We have a government that’s made up, basically of four parts: the three branches, and one of those branches is divided into two. By the original Constitution, every one of those groups was chosen in a different fashion, and serves for a different term. So what that does is, if you have any major change, that somebody wants to make happen, it’s very difficult. It’s very difficult to achieve large-scale change. You have to get a consensus of four groups, so it’s going to take a lot of work, a lot of agreement, and some time. That was the preserve, to make sure we don’t enter into foolish changes, that we don’t move too quickly, that we consider things very well.

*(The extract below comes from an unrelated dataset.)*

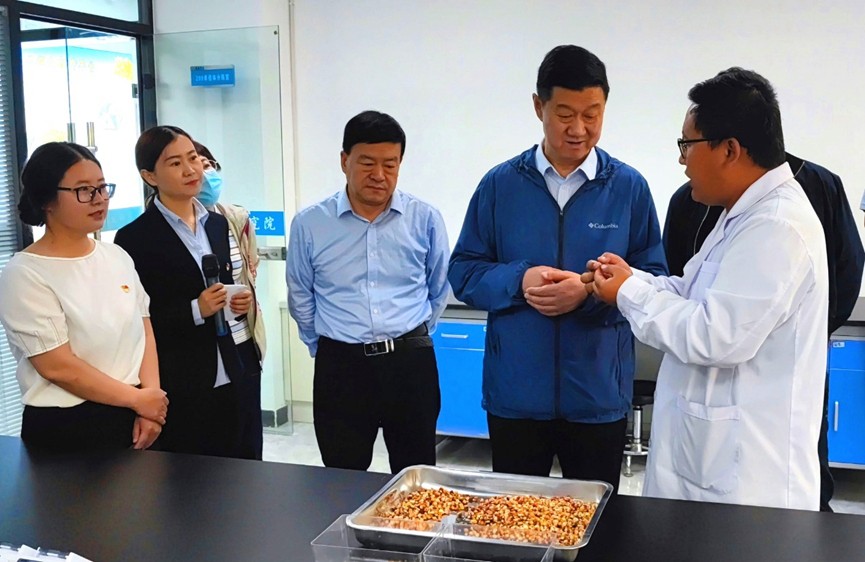 甘肅省地方金融監(jiān)管局、甘肅證監(jiān)局領(lǐng)導(dǎo)蒞臨敦煌種業(yè)調(diào)研指導(dǎo)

Harmony: And we’re talking there about the system of checks and balances. These people were falling over themselves to make sure that nobody could run away with power. How do all these three branches work together to keep each other in check, to make sure that no one part of that triumvirate has the balance of power?
Ron: They have to keep an eye on one another, and the people have to keep an eye on all of them. It's well-delineated in the Constitution what authorities or powers go to one another, but it seemed to be apparent even to Washington that those could be overstepped. Because he warns us of that when he steps out of the presidency. He states in his farewell address that we should never allow any branch of government to encroach upon the other branches, because it creates despotism and concentrates all the power into just a few hands.
He mentions that there very well may raise occasions where it seems like a good idea, like it will be some short-term benefit or it will move us forward, or it might improve our safety and our defense. But, again looking back to history and looking back to the republic of Rome, it’s usually by encroachment that free governments are destroyed.
He’s speaking directly of things like the making of Caesars. That’s usually how it happens. Usually a free government gives away its authority, gives away its freedom, because they think it will increase their security. And that’s usually how Caesars became Caesars, how we got dictators.
Harmony: One of the things that I like about the process of creating the Constitution is how ambivalent the creators were about what they had written. They really didn’t have a whole lot of confidence that this Constitution was going to hold up for 20 years, much less 200.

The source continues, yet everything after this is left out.